Only Ride: If Denis Johnson had written Tuesdays with Morrie, it’d feel like Megan Volpert’s book of prose poems. Clawing its way out through this minimalist checklist of suburban malaise is an emphatically optimistic approach to growing up. These tiny essays carefully detail how to avoid becoming one’s parents, how to manage a body addled by disease, and how to keep having the best possible time in life. After all: this is the only ride there is, and we can only ride it. Volpert’s is a story of Springsteenian proportions, a gentleman’s guide to rebellion complete with iron horses and the church of rock & roll.

Megan Volpert is the author of five books on communication and popular culture, most notably about Andy Warhol. She has been teaching high school English in Atlanta for the better part of a decade, and is currently serving as her school’s Teacher of the Year. She edited the American Library Association-honored anthology This assignment is so gay: LGBTIQ Poets on the Art of Teaching, which is currently a Lambda Literary Award finalist. Predictably, www.meganvolpert.com is her website.

Editor’s Note: Megan Volpert’s Only Ride is a no-holds-barred journey through personal history, with sage wisdom bursting from its rough-and-tumble seams.
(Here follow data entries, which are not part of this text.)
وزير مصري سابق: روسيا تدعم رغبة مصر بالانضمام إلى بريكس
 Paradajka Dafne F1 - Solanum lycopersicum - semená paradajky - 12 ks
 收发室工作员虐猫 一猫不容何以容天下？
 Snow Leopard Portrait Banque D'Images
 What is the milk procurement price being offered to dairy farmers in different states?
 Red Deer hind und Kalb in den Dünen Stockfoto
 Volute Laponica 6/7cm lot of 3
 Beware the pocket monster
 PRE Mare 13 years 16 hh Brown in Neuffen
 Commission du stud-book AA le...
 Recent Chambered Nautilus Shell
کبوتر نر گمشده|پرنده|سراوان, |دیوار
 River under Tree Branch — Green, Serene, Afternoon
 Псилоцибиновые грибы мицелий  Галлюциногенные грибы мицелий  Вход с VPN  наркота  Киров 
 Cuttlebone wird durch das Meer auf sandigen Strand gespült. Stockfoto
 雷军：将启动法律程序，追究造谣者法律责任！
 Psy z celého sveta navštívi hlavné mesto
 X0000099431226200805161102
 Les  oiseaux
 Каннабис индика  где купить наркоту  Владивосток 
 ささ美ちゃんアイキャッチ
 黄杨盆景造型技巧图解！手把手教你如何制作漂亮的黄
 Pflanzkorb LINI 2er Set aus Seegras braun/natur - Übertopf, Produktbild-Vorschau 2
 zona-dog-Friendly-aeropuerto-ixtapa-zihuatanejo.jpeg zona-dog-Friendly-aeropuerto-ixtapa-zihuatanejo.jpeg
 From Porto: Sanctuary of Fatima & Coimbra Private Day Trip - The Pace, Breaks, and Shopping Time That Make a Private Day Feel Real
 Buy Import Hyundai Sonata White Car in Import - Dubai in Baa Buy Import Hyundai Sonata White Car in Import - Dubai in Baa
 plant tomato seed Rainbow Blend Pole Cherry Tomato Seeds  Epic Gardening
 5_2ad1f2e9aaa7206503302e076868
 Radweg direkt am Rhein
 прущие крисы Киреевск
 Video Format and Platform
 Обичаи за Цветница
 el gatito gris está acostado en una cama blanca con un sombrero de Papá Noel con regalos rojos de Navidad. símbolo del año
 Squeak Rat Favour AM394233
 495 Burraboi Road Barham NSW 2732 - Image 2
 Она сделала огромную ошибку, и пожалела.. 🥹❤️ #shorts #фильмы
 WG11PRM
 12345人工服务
The book is less Zen and the Art of Motorcycle Maintenance and more Get a Grip and Ride Like it’s Your Only Ride. This is a book about how to live life. Suck it up and move past the childhood issues that scarred you. Don’t just cope with illness, thrive in the face of it. Live life full throttle no matter what it throws at you, because life is short and living demands fierce courage.

Throughout her journey Volpert takes personal and political stands, inspiring her readers to do the same. Sometimes you’ve just gotta smash things, because “a deep frustration that hurls pottery against the concrete floor… is not the thing to bottle up in shame.” Sometimes a teacher has a responsibility to teach more than just standard curriculum. As “the only openly queer faculty member in [a] public Southern high school,” Volpert is “fully equipped to teach both English & tolerance,” and she’ll write a student up for failing the latter.

Brimming with humor and hubris and wicked wit, the greatest gift of this book is the life lessons it relays. Stand up for what you believe in. Move past life’s bullshit and face adversity with a battle cry. Let go of the small stuff. “Many things annoy me,” Volpert confides, “but I seldom get really angry because now I just feel so lucky to be alive.” And we all should, the implication echoes. In a world where “[d]eath knocks twice: once for introductions & once to take you away,” why waste your precious life letting things get your goat? Having faced death, the poet gave her goat away; she has no goat to give. And we would all be well served to follow her example. “After all: this is the only ride there is, and we can only ride it.”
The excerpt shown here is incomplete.